VMware Balloon driver [Kernel]

Prev: [PATCH] /dev/mem: Allow rewinding
Next: drivers/uwb: Rename dev_info to wdi

From: Andrew Morton on 5 Apr 2010 17:30

On Sun, 4 Apr 2010 14:52:02 -0700
Dmitry Torokhov <dtor(a)vmware.com> wrote:

> This is standalone version of VMware Balloon driver. Unlike previous
> version, that tried to integrate VMware ballooning transport into virtio
> subsystem, and use stock virtio_ballon driver, this one implements both
> controlling thread/algorithm and hypervisor transport.
>
> We are submitting standalone driver because KVM maintainer (Avi Kivity)
> expressed opinion (rightly) that our transport does not fit well into
> virtqueue paradigm and thus it does not make much sense to integrate
> with virtio.
>

I think I've forgotten what balloon drivers do. Are they as nasty a
hack as I remember believing them to be?

A summary of what this code sets out to do, and how it does it would be
useful.

Also please explain the applicability of this driver. Will xen use it?
kvm? Out-of-tree code?

The code implements a user-visible API (in /proc, at least).

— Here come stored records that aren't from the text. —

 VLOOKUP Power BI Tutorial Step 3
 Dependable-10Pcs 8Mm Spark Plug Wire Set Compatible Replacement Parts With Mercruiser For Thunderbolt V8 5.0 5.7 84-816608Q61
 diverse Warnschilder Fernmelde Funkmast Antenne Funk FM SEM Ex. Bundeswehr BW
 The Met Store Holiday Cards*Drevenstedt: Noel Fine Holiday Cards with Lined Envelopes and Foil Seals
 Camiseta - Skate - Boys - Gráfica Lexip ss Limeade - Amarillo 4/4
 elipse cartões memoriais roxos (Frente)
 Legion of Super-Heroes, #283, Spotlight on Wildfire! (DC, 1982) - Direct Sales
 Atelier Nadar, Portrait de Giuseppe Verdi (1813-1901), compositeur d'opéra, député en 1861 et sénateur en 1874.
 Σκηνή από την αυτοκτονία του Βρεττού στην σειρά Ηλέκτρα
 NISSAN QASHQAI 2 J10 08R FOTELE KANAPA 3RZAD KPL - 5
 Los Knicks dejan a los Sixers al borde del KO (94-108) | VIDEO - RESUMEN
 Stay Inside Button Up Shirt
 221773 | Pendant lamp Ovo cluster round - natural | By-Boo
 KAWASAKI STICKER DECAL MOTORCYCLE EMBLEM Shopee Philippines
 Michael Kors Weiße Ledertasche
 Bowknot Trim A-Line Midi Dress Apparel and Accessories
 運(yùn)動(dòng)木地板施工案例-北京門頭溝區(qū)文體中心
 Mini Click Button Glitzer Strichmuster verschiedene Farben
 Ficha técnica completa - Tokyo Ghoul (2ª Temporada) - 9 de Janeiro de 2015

Please
fully describe the proposed interface(s) in the changelog so we can
review and understand that proposal.

>
> ...
>
> +static bool vmballoon_send_start(struct vmballoon *b)
> +{
> + unsigned long status, dummy;
> +
> + STATS_INC(b->stats.start);
> +
> + status = VMWARE_BALLOON_CMD(START, VMW_BALLOON_PROTOCOL_VERSION, dummy);
> + if (status == VMW_BALLOON_SUCCESS)
> + return true;
> +
> + pr_debug("%s - failed, hv returns %ld\n", __func__, status);

The code refers to something called "hv". I suspect that's stale?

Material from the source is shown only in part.